Lewis, Gunner

Prior to European conquest, three major indigenous groups, The Taíno, The Caribs, and the Ciboney generally dominated the Caribbean. Of these, the Taíno proved to be one of the most dominant as it controlled the Greater Antilles, present day Cuba Jamaica, Haiti, The Dominican Republic, and Puerto Rico. They had developed a social structure that was made up of naborias (commoners) and nitaínos (nobles) who were governed by chiefs called caciques (who were either male or female), who were advised by priests/healers known as bohiques. This advanced set of structures, especially the inclusion of women in leadership roles, defined the Taíno’s social and political way of life. They practiced a complex religion that centered upon the worship of different gods that controlled aspects of daily life, such as growing cassava or storms. Gold and shells were used to create jewelry that was worn by many. This advanced society, like many other societies that inhabited America prior to colonization, could not resist or survive the onset of European invaders.

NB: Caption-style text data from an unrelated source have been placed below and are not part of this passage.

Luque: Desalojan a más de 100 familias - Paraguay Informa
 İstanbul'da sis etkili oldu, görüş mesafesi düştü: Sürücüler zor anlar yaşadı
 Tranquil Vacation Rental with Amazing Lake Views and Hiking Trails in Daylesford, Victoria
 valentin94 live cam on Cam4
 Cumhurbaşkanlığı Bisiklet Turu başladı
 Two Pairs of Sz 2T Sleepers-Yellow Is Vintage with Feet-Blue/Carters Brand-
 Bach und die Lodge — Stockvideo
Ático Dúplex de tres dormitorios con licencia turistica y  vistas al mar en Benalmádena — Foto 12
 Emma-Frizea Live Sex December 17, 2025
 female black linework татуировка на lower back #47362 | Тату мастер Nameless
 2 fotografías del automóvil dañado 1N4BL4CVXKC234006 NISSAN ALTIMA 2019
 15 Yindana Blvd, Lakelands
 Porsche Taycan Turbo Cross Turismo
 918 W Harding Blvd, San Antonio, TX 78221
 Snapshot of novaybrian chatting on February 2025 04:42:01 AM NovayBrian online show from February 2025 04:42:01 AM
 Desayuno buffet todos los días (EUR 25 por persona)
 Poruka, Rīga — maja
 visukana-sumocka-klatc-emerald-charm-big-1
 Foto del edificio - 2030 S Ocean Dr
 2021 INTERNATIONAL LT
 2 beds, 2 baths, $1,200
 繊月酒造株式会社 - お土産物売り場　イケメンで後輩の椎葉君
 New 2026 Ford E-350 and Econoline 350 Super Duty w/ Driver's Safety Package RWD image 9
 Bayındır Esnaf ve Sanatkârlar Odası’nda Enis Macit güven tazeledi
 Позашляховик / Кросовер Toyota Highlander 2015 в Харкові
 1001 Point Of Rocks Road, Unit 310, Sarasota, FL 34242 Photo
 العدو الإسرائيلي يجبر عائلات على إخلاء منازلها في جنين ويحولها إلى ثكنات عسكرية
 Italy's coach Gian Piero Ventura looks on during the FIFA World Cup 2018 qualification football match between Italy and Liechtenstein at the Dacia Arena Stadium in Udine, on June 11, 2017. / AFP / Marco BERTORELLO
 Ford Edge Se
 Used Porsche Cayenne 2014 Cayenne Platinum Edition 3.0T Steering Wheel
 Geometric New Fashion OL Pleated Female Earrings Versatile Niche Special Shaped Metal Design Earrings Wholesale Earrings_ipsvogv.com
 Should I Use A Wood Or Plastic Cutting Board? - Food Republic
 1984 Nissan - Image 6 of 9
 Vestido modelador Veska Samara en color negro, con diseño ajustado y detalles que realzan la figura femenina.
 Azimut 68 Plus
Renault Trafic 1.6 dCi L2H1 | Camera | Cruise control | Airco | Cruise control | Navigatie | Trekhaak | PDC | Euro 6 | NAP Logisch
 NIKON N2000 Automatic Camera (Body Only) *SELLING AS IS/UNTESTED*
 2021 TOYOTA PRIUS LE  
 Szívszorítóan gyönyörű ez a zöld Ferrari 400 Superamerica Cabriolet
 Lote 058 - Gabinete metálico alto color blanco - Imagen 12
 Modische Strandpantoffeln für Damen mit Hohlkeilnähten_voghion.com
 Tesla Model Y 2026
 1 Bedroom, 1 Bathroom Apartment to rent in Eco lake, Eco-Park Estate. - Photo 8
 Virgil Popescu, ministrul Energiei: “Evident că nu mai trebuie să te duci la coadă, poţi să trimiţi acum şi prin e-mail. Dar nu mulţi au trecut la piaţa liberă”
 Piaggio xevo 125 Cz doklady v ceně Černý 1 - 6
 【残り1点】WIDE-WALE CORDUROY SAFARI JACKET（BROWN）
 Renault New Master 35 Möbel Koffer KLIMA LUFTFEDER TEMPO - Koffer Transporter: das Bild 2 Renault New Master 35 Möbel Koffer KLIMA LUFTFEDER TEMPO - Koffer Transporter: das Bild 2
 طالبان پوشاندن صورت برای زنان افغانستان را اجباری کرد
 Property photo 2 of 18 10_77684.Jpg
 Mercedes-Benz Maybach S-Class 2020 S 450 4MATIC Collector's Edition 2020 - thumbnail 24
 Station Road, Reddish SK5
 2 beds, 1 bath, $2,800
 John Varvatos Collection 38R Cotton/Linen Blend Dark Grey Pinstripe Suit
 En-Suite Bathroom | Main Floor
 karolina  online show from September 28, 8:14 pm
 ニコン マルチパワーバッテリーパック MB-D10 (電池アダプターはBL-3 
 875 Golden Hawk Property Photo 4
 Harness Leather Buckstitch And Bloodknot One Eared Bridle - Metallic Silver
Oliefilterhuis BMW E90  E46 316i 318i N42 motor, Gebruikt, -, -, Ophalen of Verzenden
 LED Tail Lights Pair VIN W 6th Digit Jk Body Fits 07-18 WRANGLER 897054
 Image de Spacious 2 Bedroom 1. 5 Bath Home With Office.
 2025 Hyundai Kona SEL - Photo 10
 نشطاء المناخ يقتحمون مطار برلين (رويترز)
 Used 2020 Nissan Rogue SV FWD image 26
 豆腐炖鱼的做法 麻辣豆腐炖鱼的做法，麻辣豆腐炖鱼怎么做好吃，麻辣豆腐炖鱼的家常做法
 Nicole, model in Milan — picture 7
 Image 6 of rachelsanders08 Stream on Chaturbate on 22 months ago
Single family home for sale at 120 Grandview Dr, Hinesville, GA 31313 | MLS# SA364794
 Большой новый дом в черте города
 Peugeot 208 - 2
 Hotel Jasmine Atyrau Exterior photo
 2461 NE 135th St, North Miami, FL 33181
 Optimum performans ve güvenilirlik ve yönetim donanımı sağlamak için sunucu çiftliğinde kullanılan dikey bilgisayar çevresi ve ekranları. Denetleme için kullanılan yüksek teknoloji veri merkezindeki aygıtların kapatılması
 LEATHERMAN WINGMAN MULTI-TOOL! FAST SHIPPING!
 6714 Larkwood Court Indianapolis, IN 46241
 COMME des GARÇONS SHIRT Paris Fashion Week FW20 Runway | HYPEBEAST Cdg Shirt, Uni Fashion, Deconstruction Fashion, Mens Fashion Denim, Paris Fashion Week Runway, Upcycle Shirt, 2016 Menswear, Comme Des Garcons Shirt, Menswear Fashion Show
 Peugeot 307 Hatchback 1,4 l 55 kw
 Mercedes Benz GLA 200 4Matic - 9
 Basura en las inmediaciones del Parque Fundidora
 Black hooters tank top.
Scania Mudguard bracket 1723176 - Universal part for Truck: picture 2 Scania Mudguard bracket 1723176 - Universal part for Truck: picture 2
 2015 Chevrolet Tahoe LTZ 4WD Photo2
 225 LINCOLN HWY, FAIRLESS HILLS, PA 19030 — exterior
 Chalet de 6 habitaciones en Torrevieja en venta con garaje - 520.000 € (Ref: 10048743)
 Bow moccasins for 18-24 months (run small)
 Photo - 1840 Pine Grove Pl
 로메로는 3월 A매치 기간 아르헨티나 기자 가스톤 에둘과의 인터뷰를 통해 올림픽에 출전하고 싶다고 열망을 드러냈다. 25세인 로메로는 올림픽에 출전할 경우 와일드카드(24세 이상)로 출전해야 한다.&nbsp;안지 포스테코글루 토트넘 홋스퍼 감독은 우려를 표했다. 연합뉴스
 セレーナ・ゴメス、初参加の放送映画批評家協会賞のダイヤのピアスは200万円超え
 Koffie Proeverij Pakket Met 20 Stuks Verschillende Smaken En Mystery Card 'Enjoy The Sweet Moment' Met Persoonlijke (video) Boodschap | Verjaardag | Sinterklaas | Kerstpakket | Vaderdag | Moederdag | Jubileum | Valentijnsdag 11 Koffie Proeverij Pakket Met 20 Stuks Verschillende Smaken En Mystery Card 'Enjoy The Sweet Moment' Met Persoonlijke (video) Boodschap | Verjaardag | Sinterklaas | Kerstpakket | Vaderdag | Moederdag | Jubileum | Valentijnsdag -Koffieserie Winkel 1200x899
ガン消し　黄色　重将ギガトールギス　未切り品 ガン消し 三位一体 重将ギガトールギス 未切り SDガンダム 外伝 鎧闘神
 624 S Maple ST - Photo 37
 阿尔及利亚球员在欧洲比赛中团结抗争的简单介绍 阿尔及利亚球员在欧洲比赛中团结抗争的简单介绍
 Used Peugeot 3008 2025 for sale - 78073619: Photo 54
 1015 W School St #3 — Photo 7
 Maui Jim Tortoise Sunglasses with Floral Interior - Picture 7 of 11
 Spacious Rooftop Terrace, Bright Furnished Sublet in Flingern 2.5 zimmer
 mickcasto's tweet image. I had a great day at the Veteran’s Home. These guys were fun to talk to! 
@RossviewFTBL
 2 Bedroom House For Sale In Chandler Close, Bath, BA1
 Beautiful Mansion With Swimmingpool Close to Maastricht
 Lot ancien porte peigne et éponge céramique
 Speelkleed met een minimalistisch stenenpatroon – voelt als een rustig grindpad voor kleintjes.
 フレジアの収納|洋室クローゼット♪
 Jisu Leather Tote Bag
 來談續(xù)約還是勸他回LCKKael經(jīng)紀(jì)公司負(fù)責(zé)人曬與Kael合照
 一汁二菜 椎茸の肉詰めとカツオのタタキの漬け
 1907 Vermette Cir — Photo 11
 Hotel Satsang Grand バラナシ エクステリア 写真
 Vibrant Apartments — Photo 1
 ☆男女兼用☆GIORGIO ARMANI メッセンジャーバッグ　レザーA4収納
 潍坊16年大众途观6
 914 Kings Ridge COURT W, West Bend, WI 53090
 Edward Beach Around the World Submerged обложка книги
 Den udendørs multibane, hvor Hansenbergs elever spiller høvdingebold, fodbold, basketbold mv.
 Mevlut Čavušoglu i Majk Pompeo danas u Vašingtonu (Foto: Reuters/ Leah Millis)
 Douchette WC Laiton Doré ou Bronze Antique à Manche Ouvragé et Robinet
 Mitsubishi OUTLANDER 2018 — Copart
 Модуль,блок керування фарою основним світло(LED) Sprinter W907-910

The Spaniards were the first Europeans to arrive in the area and have contact with the Taíno on Columbus’ voyage in 1492. After his introduction to the Taíno, Columbus realized that their use of gold and shells could be exploited and on his second voyage, he began making them pay tributes in the form of bags of gold. If the tributes were not brought within time, the Spaniards would cut off the offending Taíno’s hands and leave them to die. This brutality and exploitation completely changed the ideological and political structures that the tribe had cultivated over the centuries. Where their own leaders and noble classes once ruled the land, there were now Spanish rulers who had control over all of the Taínos, regardless of previous class. Where they were once free to practice their long-standing religion, now Christianity was being forced upon them. Another social change came as the result of the lack of women on the initial voyages to the Caribbean from Spain; many indigenous women were either taken as involuntary wives or experienced high levels of sexual violence. As a generally peaceful group that valued the women of the community, it came as a shock to the Taíno to see how the Spaniards treated women. Not much could be done, however, to prevent the intrusion of the Spaniards into the Taíno way of life due to foreign disease, conflict with invaders, and slavery that had decimated the population by 1548, cutting down a society of almost 500,00 people into a population of less that 1000 in less than 100 years.